De plus, les données factuelles montrent que le virus mute tout le temps, en étant parfois plus contagieux, comme dans le cas d’Omicron. La prudence reste de mise quant à l’évolution de la pandémie.
L’épidémiologie semble nécessaire aux pouvoirs publics, dans la gestion de la Covid-19. Est-ce le cas ?
– L’épidémiologie est une composante essentielle de la santé publique. Sa finalité est d’améliorer la santé des populations, en soulignant que la santé n’est pas seulement l’absence de maladie, mais « un état de complet bien- être physique, mental et social » (OMS).

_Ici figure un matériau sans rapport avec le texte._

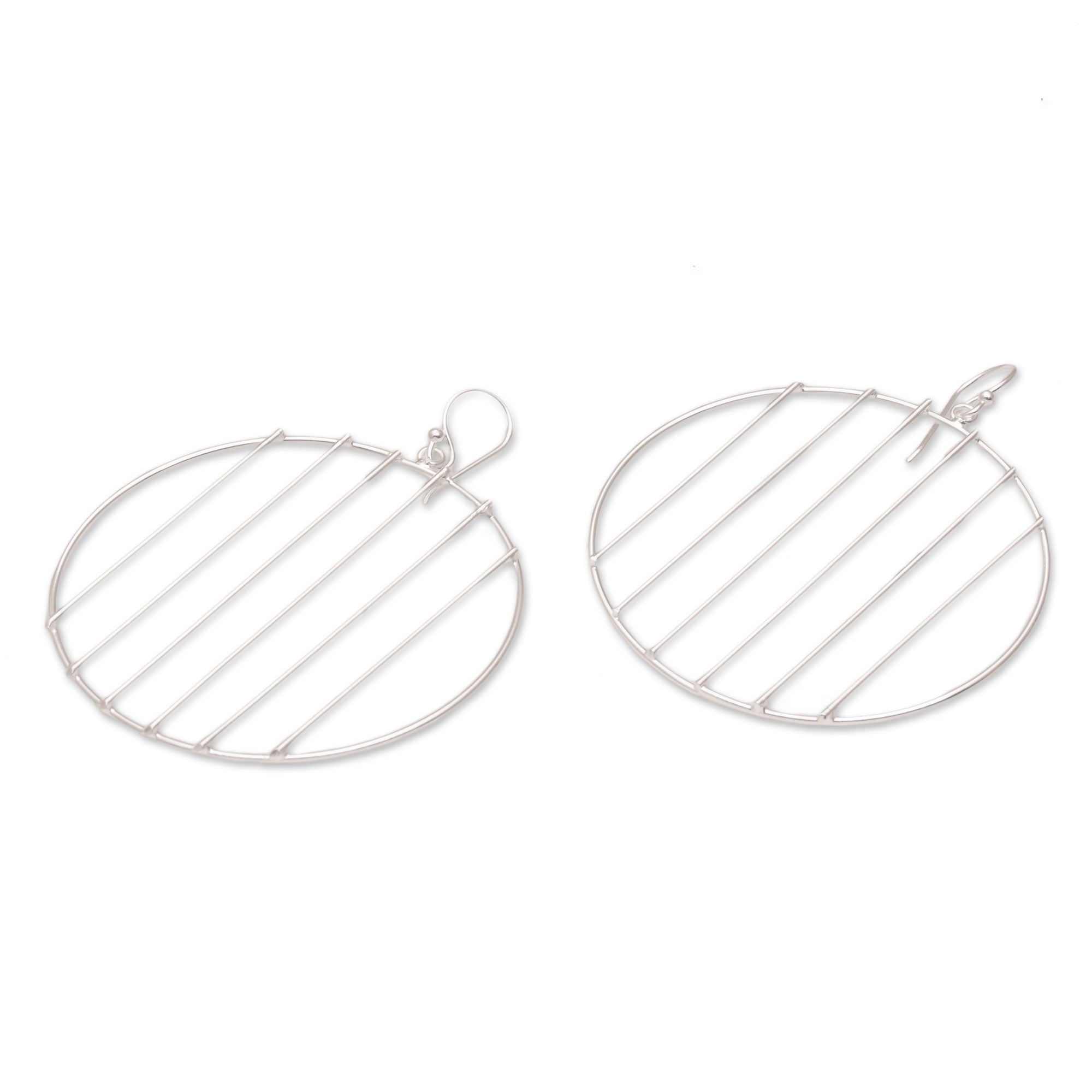 Premium Sterling Silver Vertical Line Circle Dangle Earrings by Desi Antari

Oui, l’épidémiologie est nécessaire aux pouvoirs publics, car elle permet, en collaboration avec d’autres spécialités, d’évaluer l’impact des actions de prévention et des actions curatives mises en place par les pouvoirs publics, pour lutter contre les maladies.
Dans le cas de la Covid-19, l’épidémiologie permet d’avoir un portrait factuel de l’efficacité des actions préventives et curatives mises en place pour freiner la propagation du SARS-CoV-2 (port du masque, couvre-feu, confinement, efficacité de la vaccination dans la prévention des formes graves de Covid-19, etc.).
Cette évaluation permettra aux décideurs de faire des choix en matière de politique de santé, en pleine connaissance des résultats épidémiologiques qui doivent guider les décisions politiques.
Madame Mechakra Tahiri est Professeure d’Université, titulaire d’un Ph.D en Épidémiologie (Université de Montréal, Canada), d’un doctorat d’état en Biologie Humaine (Université Claude Bernard de Lyon, France) et d’un diplôme de recherche Clinique et d’Épidémiologie (Université de Paris IV, France). Elle était chef de service d’Épidémiologie, de Biostatistiques et d’Informatique Médicale à la faculté de Médecine de Casablanca (Maroc). Actuellement, elle exerce en tant que consultante internationale en épidémiologie, auprès d’instances nationales et internationales (OMS, Ministère de la santé, Institutions Maghrébines, Canadiennes, etc).